A battery's cycle life signifies the amount of charge and discharge cycles that a battery is capable of performing before its end of life, which is indicated by a SOH of 80%.¹⁷⁷ The main obstacle to accurately predicting the cycle life of a battery is due to its nonlinear degradation.¹⁷⁸ Predicting the cycle life of LIBs through ML provides a method for quickly assessing battery quality and reliability. Previous studies have demonstrated the accuracy of these data-driven models, as shown in the bar chart in Fig. 18. One of the highest performing ML algorithms was a model based on a broad learning and extreme learning machine (BL-ELM), which was able to achieve an average RMSE of 75.8 cycles.¹⁷⁹ This method avoids the use of time-consuming and complex deep neural networks by utilizing extreme learning machines, while also allowing for the use of high-dimensional data through broad learning. The next model with considerably high accuracy was the RF-ABC-GRNN model, which achieved an average RMSE of 76 cycles.¹⁸⁰ This method utilizes an RF for feature selection, ABC for parameter optimization, and GRNN, a variation of the radial basis network.
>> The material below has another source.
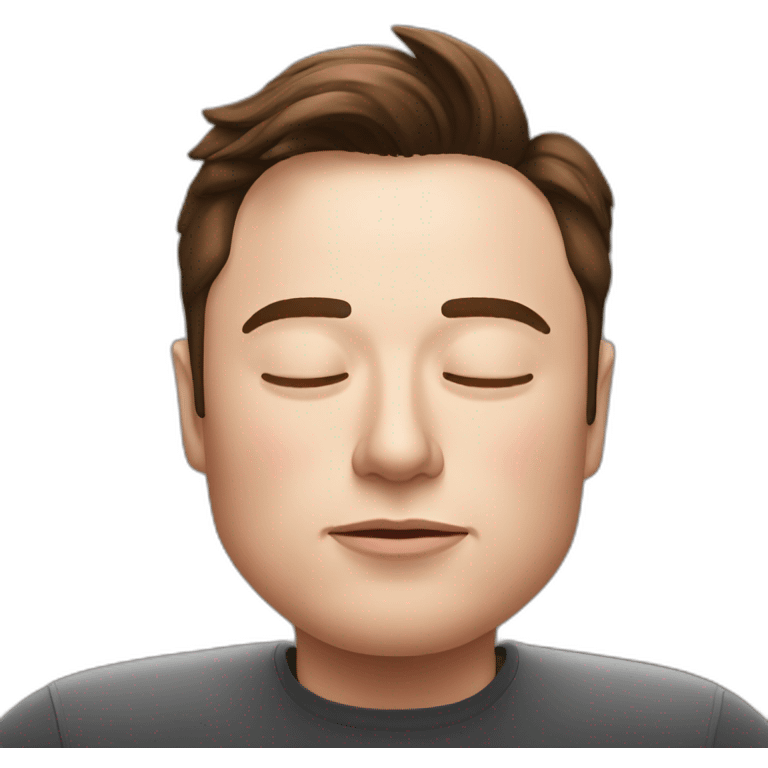 Elon musk sleep emoji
Without selecting high-important features through RF, the model achieved an RMSE of 82 cycles.


	Fig. 18 Average RMSE of various ML models for cycle life prediction of Li-ion batteries (BL = broad learning, ELM = extreme learning machine, ABC = artificial bee colony, GRNN = general regression neural network, PSO = particle swarm optimization, GBRT = gradient boosted RT).^{177,179,180,199–201}

SOC and SOH are important indicators of a battery's capacity and are essential for battery management.¹⁸¹ The SOC is calculated by dividing the battery's capacity at its current state by the fully charged capacity. Understanding the SOC of a battery is fundamental to calculating a battery's energy availability, analogous to a fuel gauge. This helps to protect the battery from overcharging and discharging, therefore, optimizing its performance and lifetime.¹⁸² Currently, electrochemical models (physics-based) and equivalent circuit models (empirical-based) are the most widely used for predicting SOC.¹⁸³ However, these methods are limited by high computational cost and low accuracy, respectively. For example, Coulomb counting involves calculating the net charge of a cell through the integral of charge and discharge currents over time.¹⁸⁴ This method is fairly accurate but does not account for different operating conditions, self-discharge, coulombic efficiency, and typically relies on sampled measurements of current.¹⁸⁵ These errors accumulate and lead to low accuracies over time, especially as the battery capacity fades. Several ML-based approaches have been explored for SOC prediction. The main challenge is the large amount of training data necessary to model different battery chemistries under varying operating conditions. ML methods are used to identify correlations between these features and battery capacity. The ML algorithms analyzed in Fig. 19a depict the difference in accuracy for predicting the SOH of LIBs. The figure illustrates how SVM had the highest RMSE and XGBoost and RF had the lowest RMSE. In other words, XGBoost and RF can predict the SOH with higher accuracy than any other ML method. Therefore, the use of decision trees utilized in both XGBoost and RF is what sets them apart from other commonly used algorithms.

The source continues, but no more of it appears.